穏やかな休日

海洋ヒツジ

穏やかな休日

 午後四時前。いつもより暖かく、いつもより早い時間の金色の夕暮れ。

 何となく体の調子がいいぼくは、引きこもりがちな体をおして丘の上にある公園へと向かうことにした。

 なだらかな坂を進み、ゆったりと高度を上げ、やがて頂上。

 静かな広場に、一人だけがぽつんといた。

 その制服を着た女子学生に話しかけようと思ったのは、いつもの痛みがなかったせいだろう。

「こんにちは」

 つまらなそうにスマホを触っていた女子学生は無反応で、そのままスマホを触る作業を続けた。もう一度声をかけると、おもむろにぼくの方を見た。

「……ちわ」

 低いトーンで「こんにちは」の短縮形を発する女子学生。睨むような目つきで、あまり機嫌は良くなさそうだ。

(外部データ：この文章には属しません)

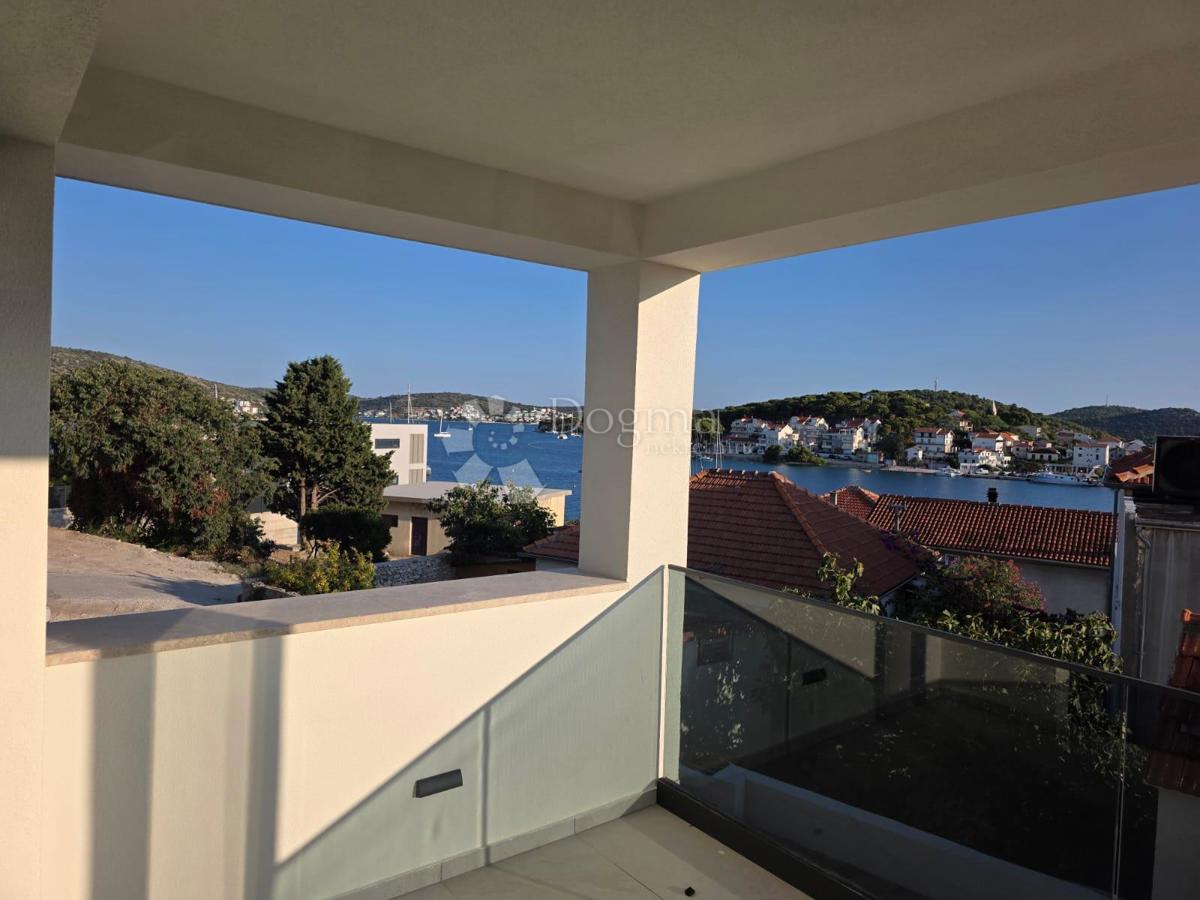 Allogio Rogoznica, 66,80m2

 けれどぼくは挨拶を返してくれたことにすこぶる気を良くして、彼女の近くに位置取ることにした。

 成人済みのぼくより若い女子学生は、接近したぼくを怪訝な目で見つめたが、逃げることはしなかった。

「なんすか」

 声をかけられたことで、ぼくの方から何か用事があると思ったのだろう。しかし顔も知らない同士、用事も何もあったものではない。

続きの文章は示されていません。